* _Exercise brief_: Your reply should consist only of the lines from the one with "Appartamento bilocale in" through the end of the entries, transcribed exactly. Pictures stay out.

Source records
= = = = = = =

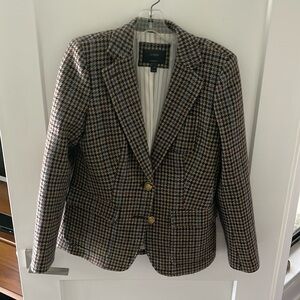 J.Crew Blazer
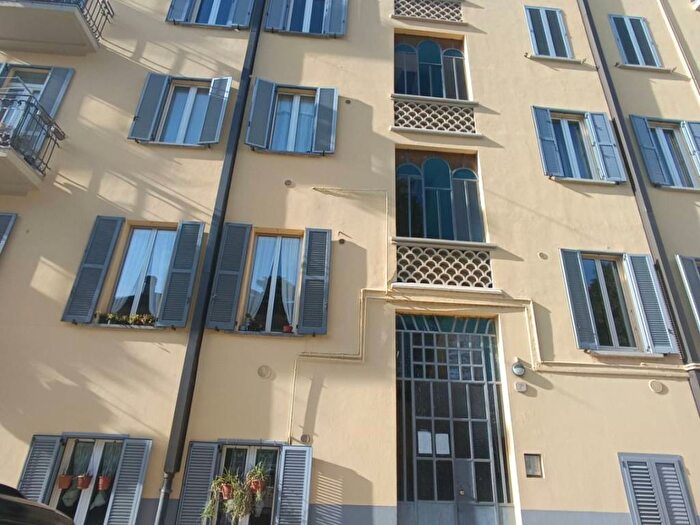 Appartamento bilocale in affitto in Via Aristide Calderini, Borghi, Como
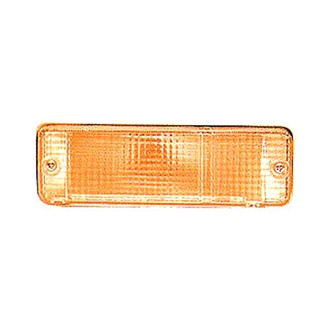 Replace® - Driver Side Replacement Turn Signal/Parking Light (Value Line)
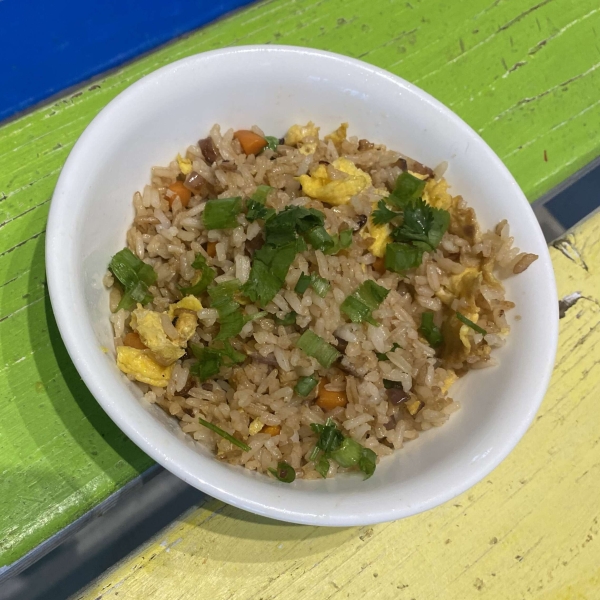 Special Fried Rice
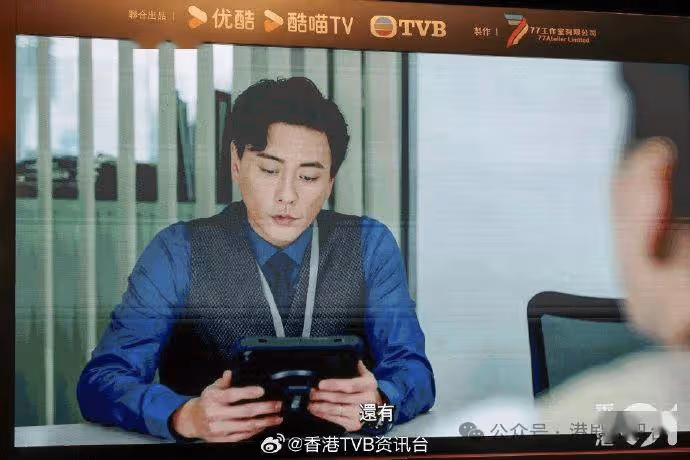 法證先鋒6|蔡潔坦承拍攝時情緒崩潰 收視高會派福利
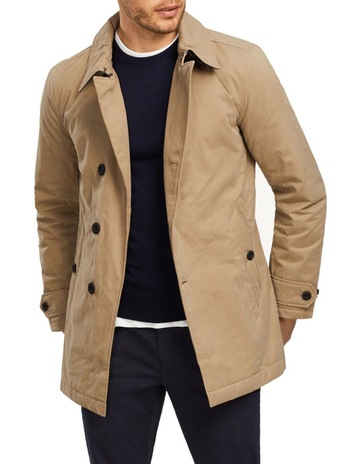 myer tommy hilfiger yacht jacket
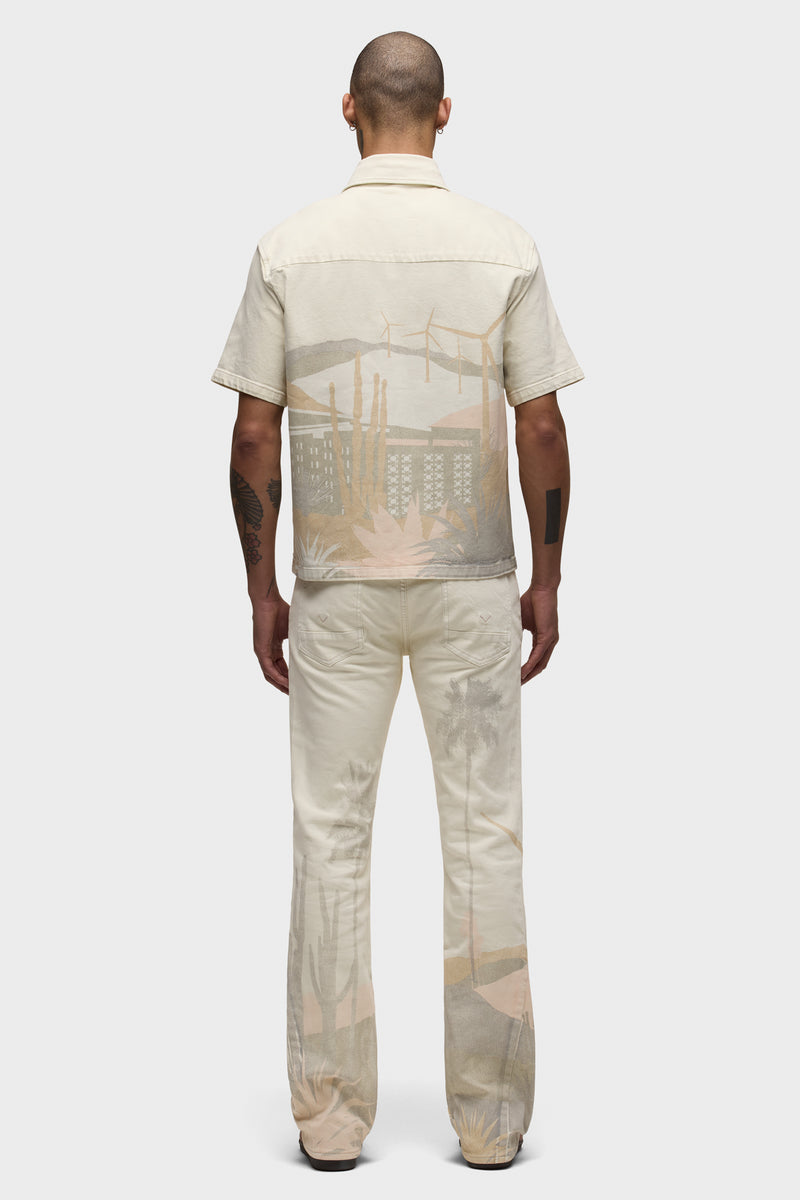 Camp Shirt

= = = = = = =

* _Exercise solution_:
 Appartamento bilocale in affitto in Via Aristide Calderini, Borghi, Como
 Replace® - Driver Side Replacement Turn Signal/Parking Light (Value Line)
 Special Fried Rice
 法證先鋒6|蔡潔坦承拍攝時情緒崩潰 收視高會派福利
 myer tommy hilfiger yacht jacket
 Camp Shirt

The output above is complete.